Medicine Matters oncology

I had really the pleasure to present data from the first HIF2 inhibitor in clear-cell RCC at this wonderful meeting, GU 2020. So we enrolled 55 heavily pretreated patients with clear-cell RCC to go on MK-6482, which is first-in-class oral HIF2 inhibitor.



HIF2 is a transcription-- master transcription factor downstream of VHL an initial truncal event in clear-cell RCC-- was really undruggable, a transcription factor that was undruggable, until recently, some elegant crystallographic work showed that a small molecule like MK-6482 can go into one of those binding pockets and inhibit the downstream target.

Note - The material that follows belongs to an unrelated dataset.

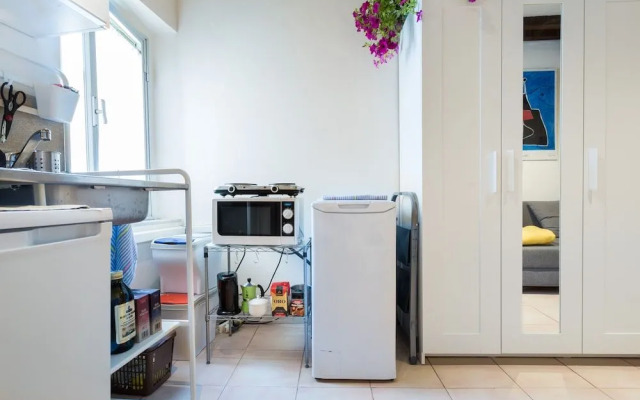 L'essenziale nel Centro Apartment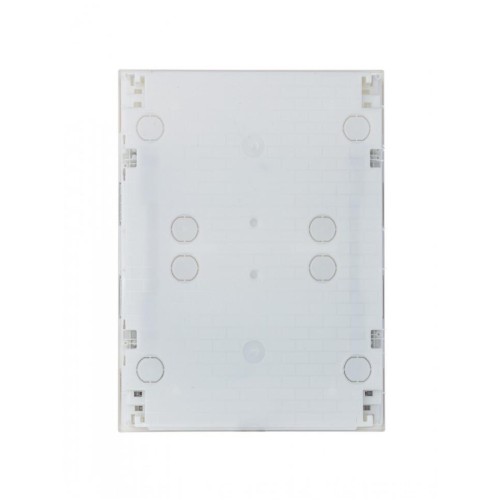 ABB Mistral41 Бокс в нишу 24М непрозрачная дверь (c клеммами)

Our initial experience with these 55 patients showed that the drug is well tolerated. 120 milligrams once a day was the dose to-- we proceeded for. Some of the side effects were anemia, hypoxia, but we did not see the cardiovascular toxicities seen normally with VEGF tyrosine kinase inhibitor. And, again, a refractory population, median number of prior line of therapy was three, with most of the patients receiving VEGF and PD-1, PD-L1 inhibitor.



Now, in terms of efficacy, the response rate after 13 months of follow-up was 24%, with 69% of patients having some degree of tumor shrinkage, and a progression-free survival rate of-- progression-free survival of 11 months. Interesting thing, when you look at the risk group, the favorable, the intermediate, and the poor, having set so most of the patients were in the intermediate, there were responses seen across risk groups, so across IMDC, favorable, good, and favorable, intermediate, and poor risk. So this is something exciting.



Now we're taking this to the next level with a phase 3 trial, a pivotal trial, post-VEGF, post-PD-1 inhibitor, that will enroll patients-- enroll over 700 patients with co-primary endpoint progression-free survival and overall survival, which plans also to combine MK-6482 with other targets, so some exciting news.